问题
I have a large database (50 million rows) containing time series data. There is a clustered index on the [datetime] column which ensures that that the table is always sorted in chronological order.

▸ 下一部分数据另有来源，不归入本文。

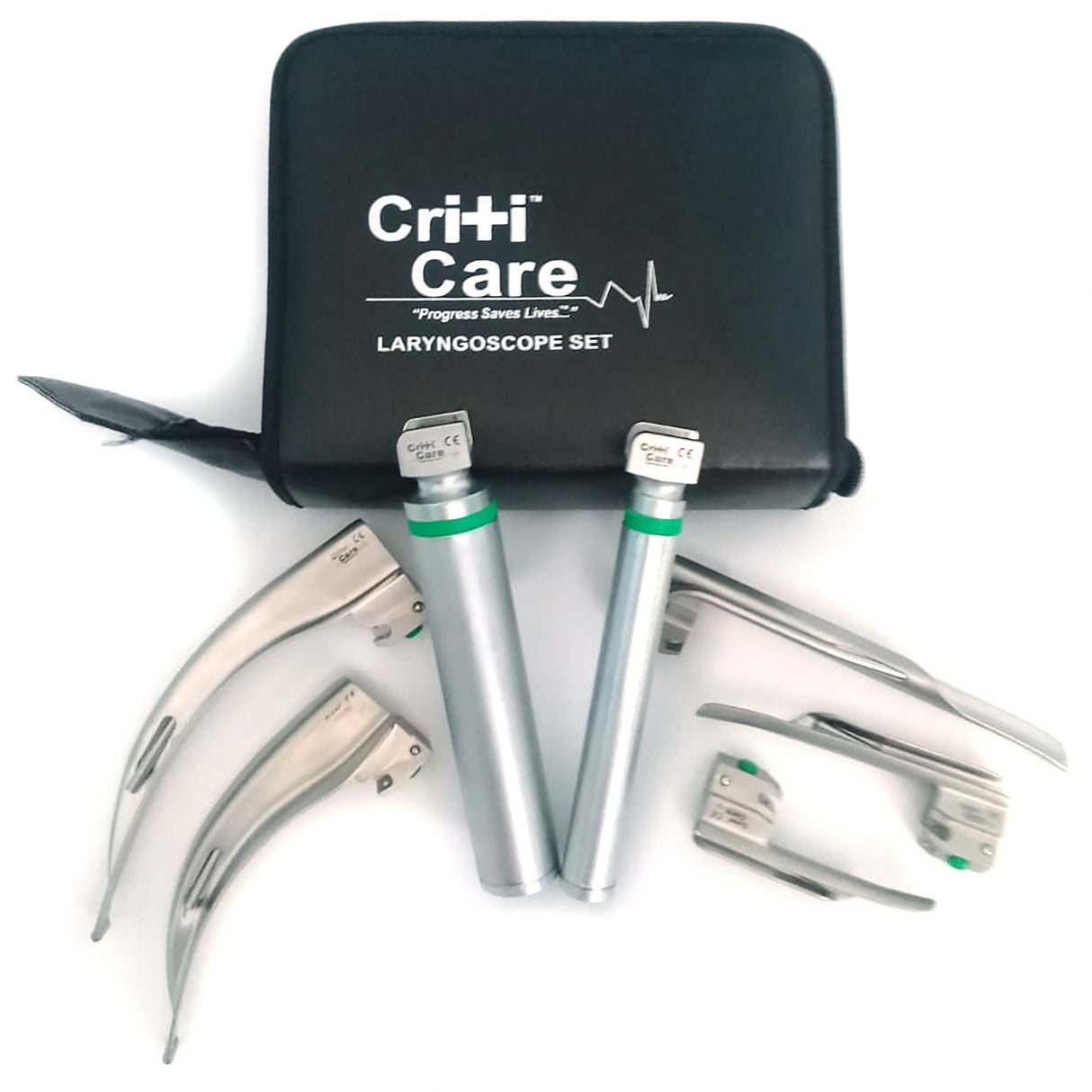 Laryngoscope Set Fibre Optic 5 Blade and 2 Handles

What is the most performant way to read the rows of the table out into a C# app, on a row-by-row basis?
回答1:
You should try this and find out. I just did, and saw no performance issues.
USE [master]
GO
/****** Object: Database [HugeDatabase] Script Date: 06/27/2011 13:27:50 ******/
CREATE DATABASE [HugeDatabase] ON PRIMARY
( NAME = N'HugeDatabase', FILENAME = N'C:\Program Files\Microsoft SQL Server\MSSQL10_50.SQL2K8R2\MSSQL\DATA\HugeDatabase.mdf' , SIZE = 1940736KB , MAXSIZE = UNLIMITED, FILEGROWTH = 1024KB )
LOG ON
( NAME = N'HugeDatabase_log', FILENAME = N'C:\Program Files\Microsoft SQL Server\MSSQL10_50.SQL2K8R2\MSSQL\DATA\HugeDatabase_log.LDF' , SIZE = 395392KB , MAXSIZE = 2048GB , FILEGROWTH = 10%)
GO
USE [HugeDatabase]
GO
/****** Object: Table [dbo].[HugeTable] Script Date: 06/27/2011 13:27:53 ******/
SET ANSI_NULLS ON
GO
SET QUOTED_IDENTIFIER ON
GO
CREATE TABLE [dbo].[HugeTable](
[ID] [int] IDENTITY(1,1) NOT NULL,
[PointInTime] [datetime] NULL,
PRIMARY KEY NONCLUSTERED
(
[ID] ASC
)WITH (PAD_INDEX = OFF, STATISTICS_NORECOMPUTE = OFF, IGNORE_DUP_KEY = OFF, ALLOW_ROW_LOCKS = ON, ALLOW_PAGE_LOCKS = ON) ON [PRIMARY]
) ON [PRIMARY]
GO
CREATE CLUSTERED INDEX [IX_HugeTable_PointInTime] ON [dbo].[HugeTable]
(
[PointInTime] ASC
)WITH (PAD_INDEX = OFF, STATISTICS_NORECOMPUTE = OFF, SORT_IN_TEMPDB = OFF, IGNORE_DUP_KEY = OFF, DROP_EXISTING = OFF, ONLINE = OFF, ALLOW_ROW_LOCKS = ON, ALLOW_PAGE_LOCKS = ON) ON [PRIMARY]
GO
Populate:
DECLARE @t datetime
SET @t = '2011-01-01'
DECLARE @i int
SET @i=0
SET NOCOUNT ON
WHILE (@i < 50000000)
BEGIN
INSERT INTO HugeTable(PointInTime) VALUES(@t)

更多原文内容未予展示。